- **TASK DETAILS**
In the data below, find the line with "Ssangyong Tivoli - Vista 11" and output it along with every later line, exactly, but not the pictures.

━━━━━ DATA UNDER STUDY ━━━━━

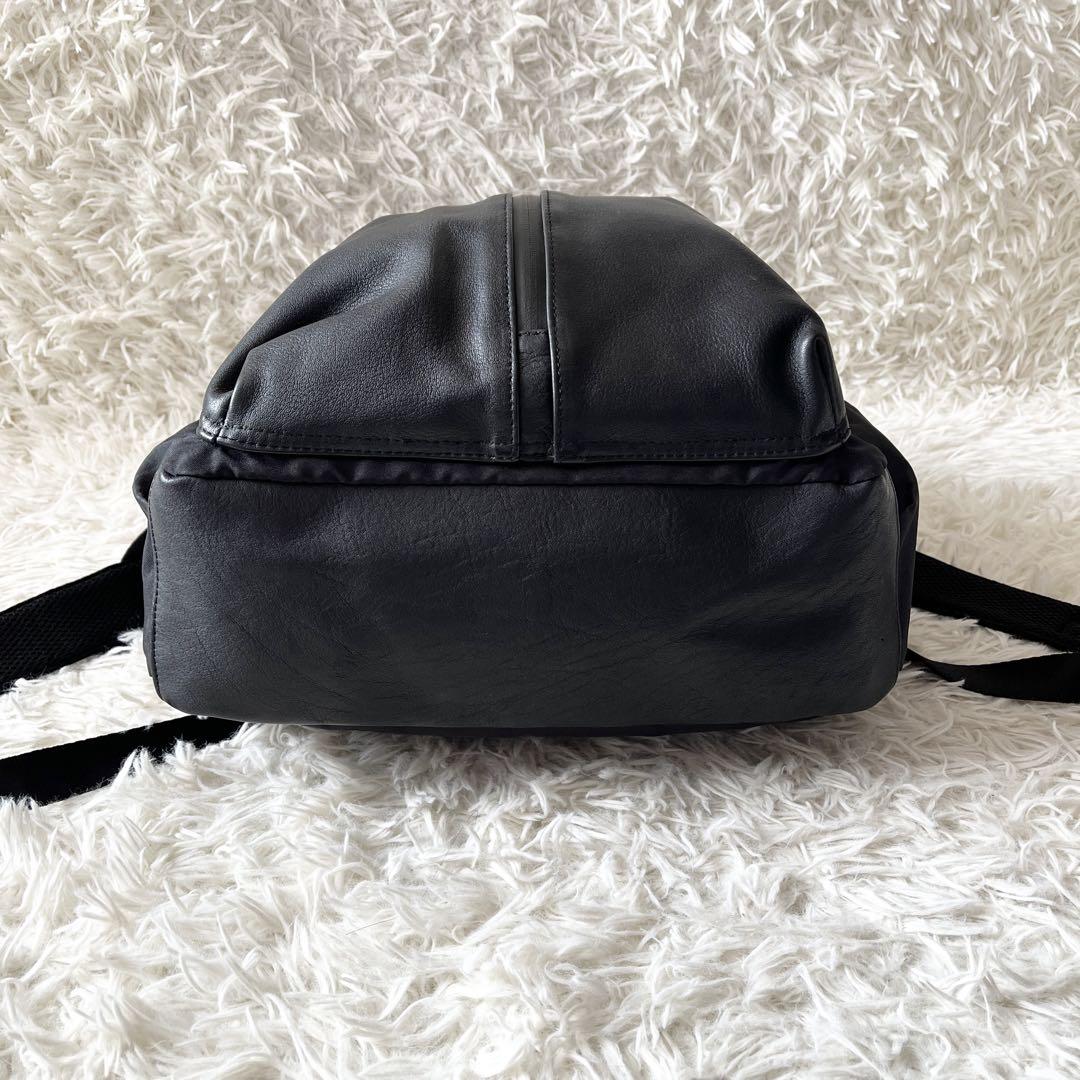 【極希少】BURLAPOUTFITTER×ear シルバーバックル リュック 極希少】BURLAPOUTFITTER×ear シルバーバックル リュック - メルカリ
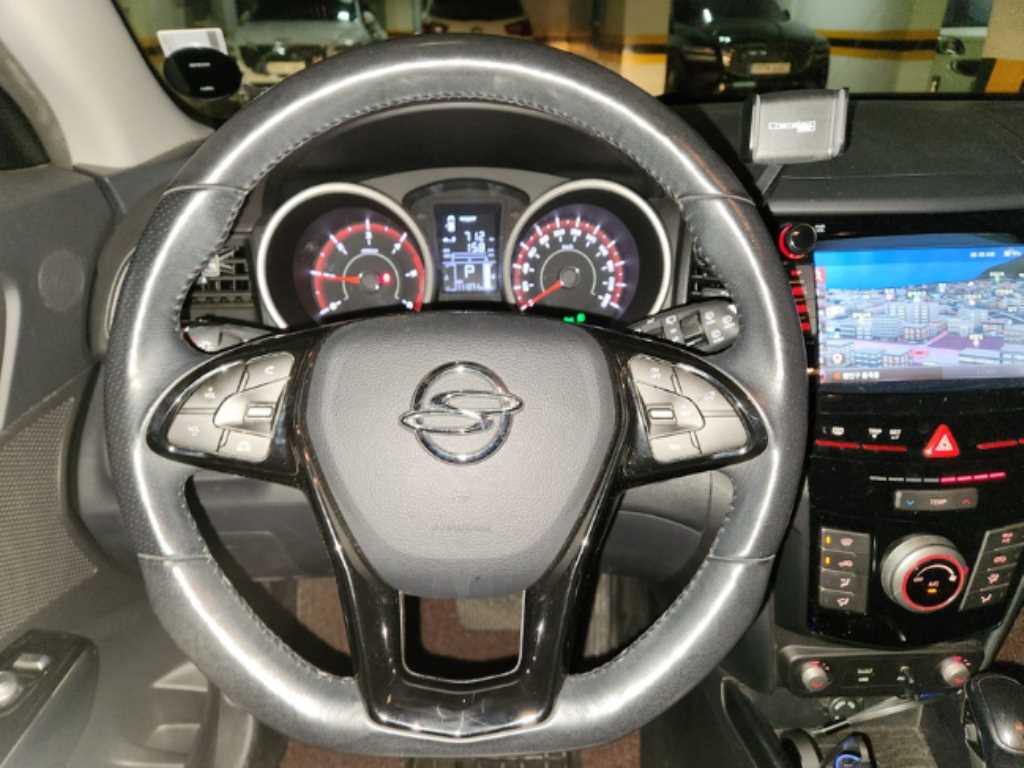 Ssangyong Tivoli - Vista 11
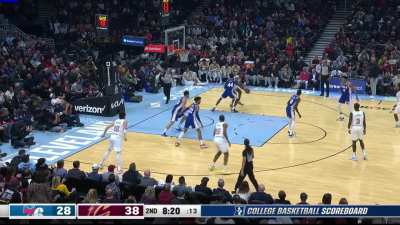 [Highlight] Okoro flies out of nowhere to throw down Mobley's miss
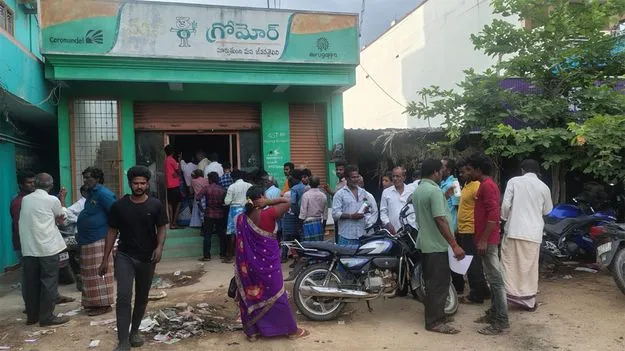 ఖరీఫ్‌ రైతులకు యూరియా కష్టాలు...! 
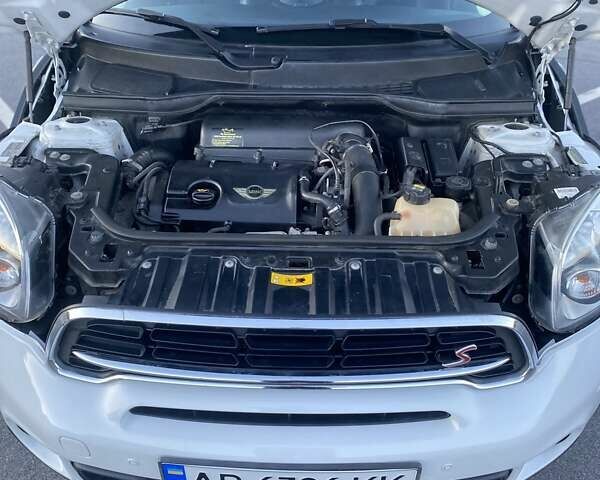 Білий Міні Cooper, об'ємом двигуна 1.6 л та пробігом 159 тис. км за 12500 $, фото 14 на Automoto.ua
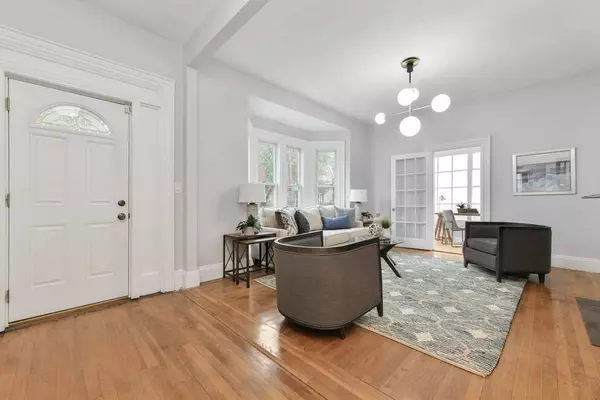 107 Chestnut Ave, Boston, MA 02130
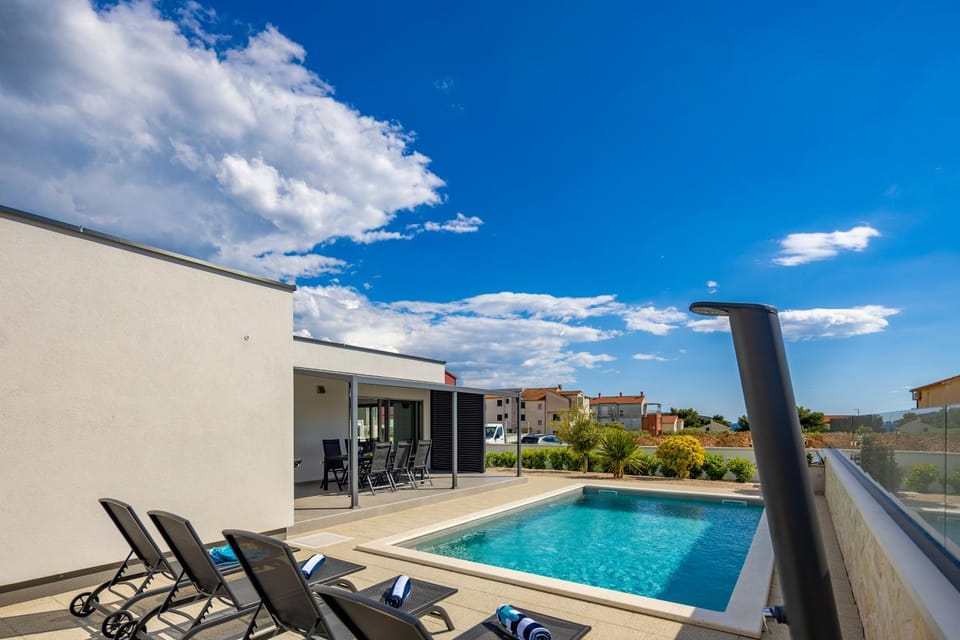 Balcony/Terrace, Swimming pool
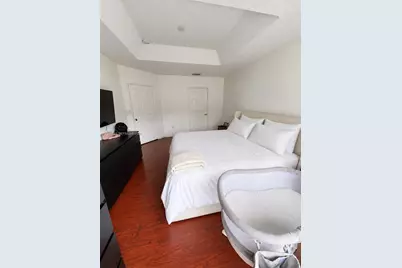 5747 NW 113th Ave, Doral, FL 33178 - Photo 13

━━━━━

- **WRITTEN REPLY**
 Ssangyong Tivoli - Vista 11
 [Highlight] Okoro flies out of nowhere to throw down Mobley's miss
 ఖరీఫ్‌ రైతులకు యూరియా కష్టాలు...! 
 Білий Міні Cooper, об'ємом двигуна 1.6 л та пробігом 159 тис. км за 12500 $, фото 14 на Automoto.ua
 107 Chestnut Ave, Boston, MA 02130
 Balcony/Terrace, Swimming pool
 5747 NW 113th Ave, Doral, FL 33178 - Photo 13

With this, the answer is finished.